A recent development in the European Union has seen the approval of the Corporate Sustainability Due Diligence Directive (CSDDD) by the European Council on March 15. This directive introduces a legal liability for companies concerning environmental and human rights violations within their supply chain. The final version of the CSDDD, which has not been officially released by the Commission, was shared with the European Parliament for review.
The CSDDD, also known as the CS3D, sets a standard for corporate due diligence on sustainability matters for businesses operating in the EU, focusing primarily on environmental issues, climate change, and human rights. The new requirements extend not only to a company's direct operations but also to its subsidiaries and supply chain.
The initial draft of the CSDDD, released on January 30, underwent significant changes before its approval by the Council. Notably, the directive now applies to companies with 1,000 employees and a turnover of €450 million, up from the previously proposed thresholds of 500 employees and €150 million turnover. This adjustment is expected to reduce the number of affected companies to about 30% of the original scope.
Furthermore, the directive will be implemented gradually over several years. Companies with 5,000 employees and €1,500 million turnover will be subject to the CSDDD in 3 years, while those with 3,000 employees and €900 million turnover will comply within 4 years. Companies with 1,000 employees and €450 million turnover will have a 5-year transition period.

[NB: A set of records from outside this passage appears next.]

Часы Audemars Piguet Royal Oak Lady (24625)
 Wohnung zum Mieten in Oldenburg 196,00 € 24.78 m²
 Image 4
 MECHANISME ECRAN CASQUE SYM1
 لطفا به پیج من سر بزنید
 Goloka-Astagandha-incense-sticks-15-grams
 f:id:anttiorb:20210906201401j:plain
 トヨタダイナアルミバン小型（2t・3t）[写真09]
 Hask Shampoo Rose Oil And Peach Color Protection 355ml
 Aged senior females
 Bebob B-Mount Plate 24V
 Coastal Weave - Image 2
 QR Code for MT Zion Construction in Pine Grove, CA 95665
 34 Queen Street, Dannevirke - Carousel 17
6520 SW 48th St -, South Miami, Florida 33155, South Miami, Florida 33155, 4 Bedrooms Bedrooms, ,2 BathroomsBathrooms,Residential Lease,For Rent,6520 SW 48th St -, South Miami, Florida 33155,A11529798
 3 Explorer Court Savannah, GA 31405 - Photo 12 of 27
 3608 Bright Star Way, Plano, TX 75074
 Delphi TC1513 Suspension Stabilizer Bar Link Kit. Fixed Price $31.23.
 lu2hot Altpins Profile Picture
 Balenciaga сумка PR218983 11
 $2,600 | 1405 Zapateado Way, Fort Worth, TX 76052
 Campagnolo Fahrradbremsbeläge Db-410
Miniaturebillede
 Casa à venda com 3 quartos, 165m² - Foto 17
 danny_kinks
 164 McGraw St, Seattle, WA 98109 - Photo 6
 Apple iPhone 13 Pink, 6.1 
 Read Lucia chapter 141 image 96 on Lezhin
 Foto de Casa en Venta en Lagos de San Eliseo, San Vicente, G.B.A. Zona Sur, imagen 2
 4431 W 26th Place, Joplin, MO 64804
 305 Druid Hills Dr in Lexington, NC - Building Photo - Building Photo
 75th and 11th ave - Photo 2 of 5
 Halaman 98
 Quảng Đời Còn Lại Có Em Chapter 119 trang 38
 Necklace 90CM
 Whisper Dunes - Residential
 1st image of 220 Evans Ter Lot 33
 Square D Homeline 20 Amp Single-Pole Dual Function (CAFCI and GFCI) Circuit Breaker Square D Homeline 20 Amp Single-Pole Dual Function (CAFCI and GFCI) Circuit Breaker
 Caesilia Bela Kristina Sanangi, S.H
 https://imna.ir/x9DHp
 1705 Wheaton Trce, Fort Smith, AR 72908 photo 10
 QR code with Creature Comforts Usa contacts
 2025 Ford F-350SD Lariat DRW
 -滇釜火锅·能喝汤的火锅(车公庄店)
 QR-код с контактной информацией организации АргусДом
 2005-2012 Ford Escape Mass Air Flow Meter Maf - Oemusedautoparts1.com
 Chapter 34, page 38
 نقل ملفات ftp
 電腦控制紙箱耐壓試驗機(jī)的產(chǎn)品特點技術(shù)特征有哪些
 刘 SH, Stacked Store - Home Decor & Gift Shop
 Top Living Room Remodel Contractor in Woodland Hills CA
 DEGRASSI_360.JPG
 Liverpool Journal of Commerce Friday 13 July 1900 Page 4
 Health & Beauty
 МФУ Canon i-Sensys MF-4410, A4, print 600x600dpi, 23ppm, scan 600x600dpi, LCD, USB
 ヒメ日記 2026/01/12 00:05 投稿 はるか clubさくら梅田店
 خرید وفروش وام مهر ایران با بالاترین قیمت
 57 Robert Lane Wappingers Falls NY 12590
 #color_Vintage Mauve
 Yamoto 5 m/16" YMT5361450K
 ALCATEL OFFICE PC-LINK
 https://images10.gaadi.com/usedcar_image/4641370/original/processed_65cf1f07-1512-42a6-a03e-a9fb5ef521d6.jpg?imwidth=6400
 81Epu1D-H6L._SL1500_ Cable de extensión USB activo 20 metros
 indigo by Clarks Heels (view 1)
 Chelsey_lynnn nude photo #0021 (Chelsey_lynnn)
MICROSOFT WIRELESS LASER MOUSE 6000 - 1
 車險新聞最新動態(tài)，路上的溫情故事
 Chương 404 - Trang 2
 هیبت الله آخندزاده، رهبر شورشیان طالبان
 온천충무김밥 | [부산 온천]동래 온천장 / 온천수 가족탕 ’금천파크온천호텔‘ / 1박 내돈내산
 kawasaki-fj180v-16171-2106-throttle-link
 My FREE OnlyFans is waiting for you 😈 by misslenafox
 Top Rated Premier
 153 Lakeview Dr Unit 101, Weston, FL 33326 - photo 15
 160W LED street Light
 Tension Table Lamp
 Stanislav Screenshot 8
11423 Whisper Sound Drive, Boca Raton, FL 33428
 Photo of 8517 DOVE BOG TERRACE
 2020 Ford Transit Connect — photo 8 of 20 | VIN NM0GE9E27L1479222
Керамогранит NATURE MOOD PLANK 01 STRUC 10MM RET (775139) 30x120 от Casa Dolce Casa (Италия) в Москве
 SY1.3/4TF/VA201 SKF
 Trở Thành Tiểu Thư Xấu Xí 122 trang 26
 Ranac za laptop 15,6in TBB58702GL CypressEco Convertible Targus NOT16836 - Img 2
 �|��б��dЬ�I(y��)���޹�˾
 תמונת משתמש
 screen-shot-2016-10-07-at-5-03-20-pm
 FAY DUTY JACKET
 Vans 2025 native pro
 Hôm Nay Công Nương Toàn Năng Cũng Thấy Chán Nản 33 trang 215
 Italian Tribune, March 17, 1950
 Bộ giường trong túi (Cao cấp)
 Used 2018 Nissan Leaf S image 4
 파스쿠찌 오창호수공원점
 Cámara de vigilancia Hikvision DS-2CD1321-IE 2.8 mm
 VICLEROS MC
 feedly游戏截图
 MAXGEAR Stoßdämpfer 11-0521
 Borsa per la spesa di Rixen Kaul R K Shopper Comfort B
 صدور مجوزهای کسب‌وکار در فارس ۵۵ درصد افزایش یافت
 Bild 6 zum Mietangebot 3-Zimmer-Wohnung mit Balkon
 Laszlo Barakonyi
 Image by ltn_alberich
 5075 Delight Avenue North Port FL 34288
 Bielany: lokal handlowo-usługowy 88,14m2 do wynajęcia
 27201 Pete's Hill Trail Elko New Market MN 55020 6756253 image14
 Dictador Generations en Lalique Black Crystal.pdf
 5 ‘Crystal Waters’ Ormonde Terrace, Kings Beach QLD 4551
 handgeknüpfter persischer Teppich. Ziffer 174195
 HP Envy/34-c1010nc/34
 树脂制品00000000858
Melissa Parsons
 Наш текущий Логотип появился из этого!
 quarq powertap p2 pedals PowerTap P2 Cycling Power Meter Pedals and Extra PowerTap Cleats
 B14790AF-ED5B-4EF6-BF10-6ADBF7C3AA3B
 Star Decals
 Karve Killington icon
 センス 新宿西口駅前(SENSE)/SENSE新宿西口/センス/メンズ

The Council's decision to approve a diluted version of the CSDDD followed 45 days of negotiations and political pressure, leading to a rollercoaster of emotions for sustainability advocates. While the official text of the directive has not been publicly disclosed, a summary was released through a press release. The final document is currently being circulated among European Parliament members for further consideration.
The CSDDD will now proceed to the European Parliament for approval, where it will be reviewed by the legal affairs committee (JURI) before potential enactment. This development marks a significant step towards enhancing corporate accountability and sustainability practices within the EU.